<<<<

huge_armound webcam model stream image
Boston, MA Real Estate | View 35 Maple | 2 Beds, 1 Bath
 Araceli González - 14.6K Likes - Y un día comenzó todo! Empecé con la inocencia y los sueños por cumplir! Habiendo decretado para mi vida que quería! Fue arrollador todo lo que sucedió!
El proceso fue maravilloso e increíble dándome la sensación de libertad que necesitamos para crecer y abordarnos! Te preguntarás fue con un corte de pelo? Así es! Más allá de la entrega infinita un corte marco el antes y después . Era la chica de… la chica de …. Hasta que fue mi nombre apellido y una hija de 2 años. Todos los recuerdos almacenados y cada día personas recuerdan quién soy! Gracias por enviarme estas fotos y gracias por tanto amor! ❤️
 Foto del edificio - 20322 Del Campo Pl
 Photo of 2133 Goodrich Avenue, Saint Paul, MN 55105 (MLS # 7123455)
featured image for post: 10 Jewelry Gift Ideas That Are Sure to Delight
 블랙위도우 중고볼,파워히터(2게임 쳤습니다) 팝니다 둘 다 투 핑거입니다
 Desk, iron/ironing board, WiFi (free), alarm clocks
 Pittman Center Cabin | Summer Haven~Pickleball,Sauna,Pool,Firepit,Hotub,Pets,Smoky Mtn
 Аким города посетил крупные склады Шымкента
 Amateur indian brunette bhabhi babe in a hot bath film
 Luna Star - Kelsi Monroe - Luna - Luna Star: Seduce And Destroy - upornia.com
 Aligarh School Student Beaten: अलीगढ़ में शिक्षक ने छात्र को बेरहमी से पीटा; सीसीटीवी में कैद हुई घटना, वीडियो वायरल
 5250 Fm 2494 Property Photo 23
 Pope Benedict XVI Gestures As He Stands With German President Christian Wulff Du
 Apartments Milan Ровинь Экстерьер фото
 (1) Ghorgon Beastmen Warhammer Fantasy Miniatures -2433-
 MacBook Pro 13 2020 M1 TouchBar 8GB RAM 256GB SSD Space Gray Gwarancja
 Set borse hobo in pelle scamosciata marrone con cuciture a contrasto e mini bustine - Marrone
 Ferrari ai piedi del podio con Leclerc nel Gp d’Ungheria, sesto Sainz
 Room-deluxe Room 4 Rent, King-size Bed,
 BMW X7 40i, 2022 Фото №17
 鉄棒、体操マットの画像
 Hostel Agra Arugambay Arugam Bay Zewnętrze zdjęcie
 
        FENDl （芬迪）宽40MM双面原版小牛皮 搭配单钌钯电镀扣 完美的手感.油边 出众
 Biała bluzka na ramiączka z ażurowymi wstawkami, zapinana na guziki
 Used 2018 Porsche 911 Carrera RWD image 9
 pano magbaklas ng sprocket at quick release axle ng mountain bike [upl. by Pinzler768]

>>>>

▶ Brief
Show every line from the entries above in which "image" appears.

▶ Answer area
huge_armound webcam model stream image
featured image for post: 10 Jewelry Gift Ideas That Are Sure to Delight
 Used 2018 Porsche 911 Carrera RWD image 9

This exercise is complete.